Exercise description
Below are records with pictures; copy word for word only the lines between the line with "Black Toy Poodle" and the line with "Portefeuille souple Super", inclusive, and drop the pictures.

The input
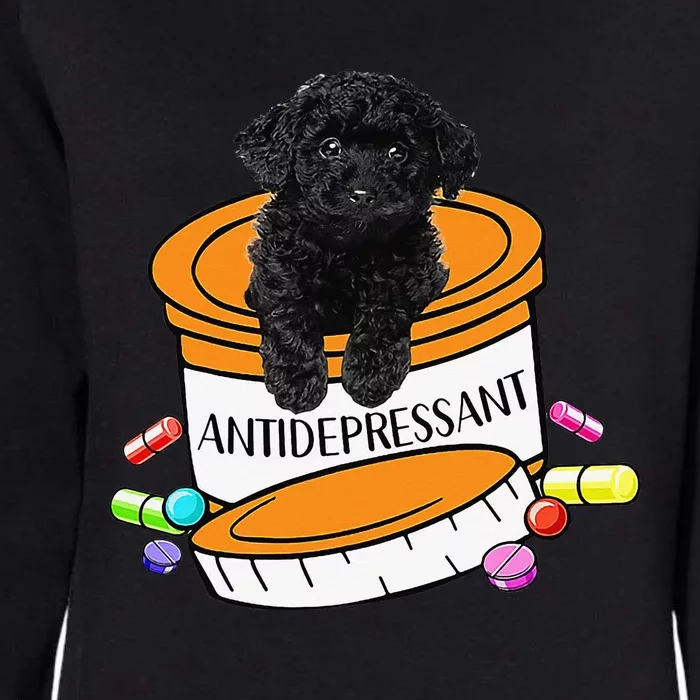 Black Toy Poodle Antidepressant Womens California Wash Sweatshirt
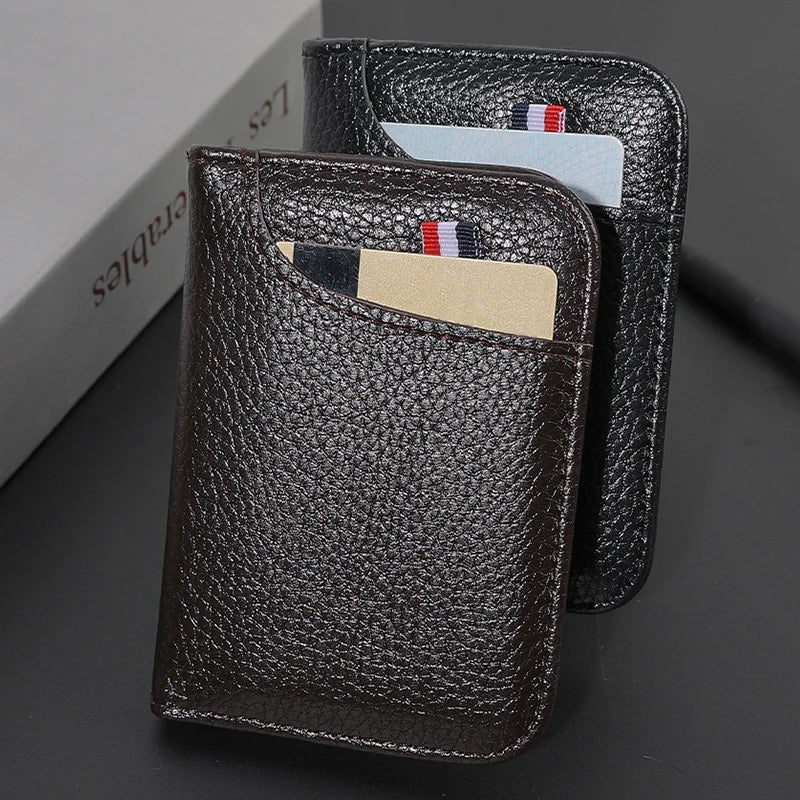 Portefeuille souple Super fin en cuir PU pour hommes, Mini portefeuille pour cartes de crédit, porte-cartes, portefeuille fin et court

---

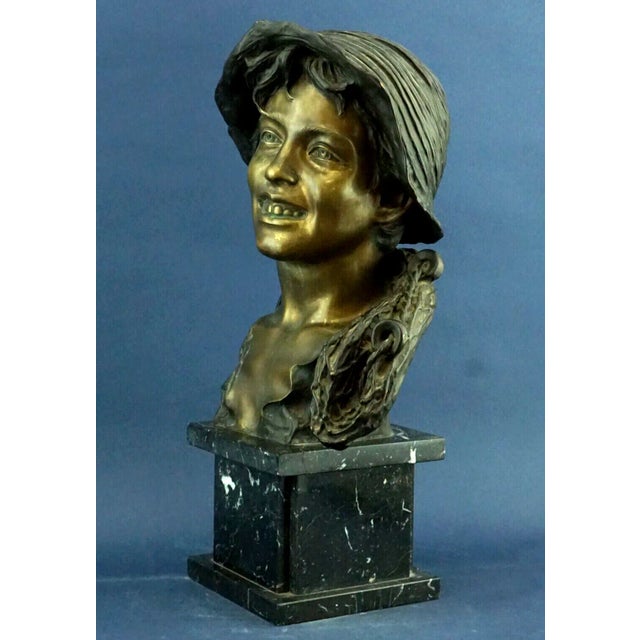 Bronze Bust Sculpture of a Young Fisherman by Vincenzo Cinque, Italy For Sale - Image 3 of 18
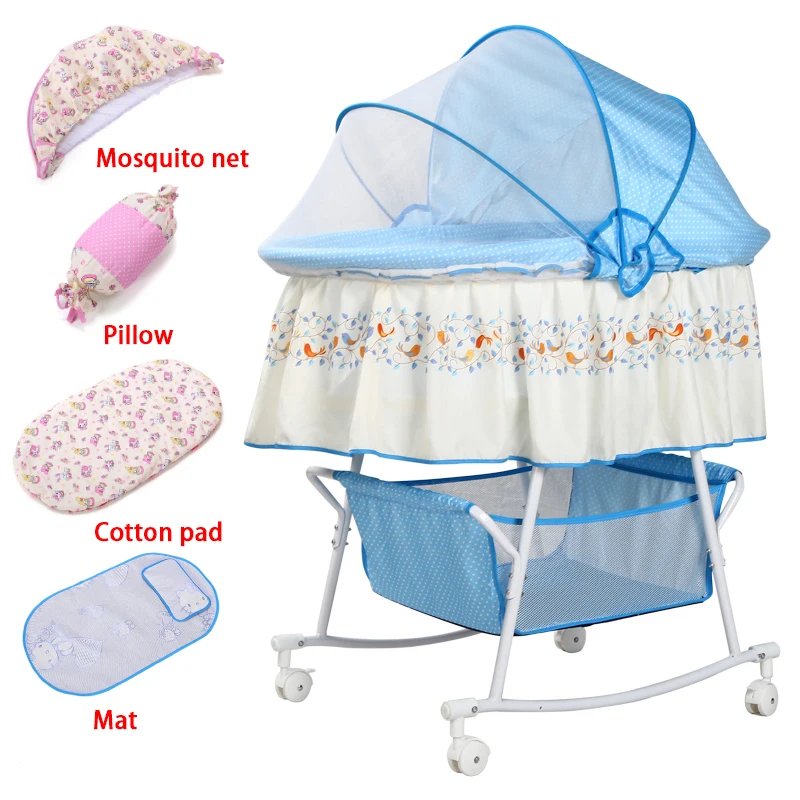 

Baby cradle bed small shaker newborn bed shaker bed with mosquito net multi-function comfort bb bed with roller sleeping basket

Written answer
 Black Toy Poodle Antidepressant Womens California Wash Sweatshirt
 Portefeuille souple Super fin en cuir PU pour hommes, Mini portefeuille pour cartes de crédit, porte-cartes, portefeuille fin et court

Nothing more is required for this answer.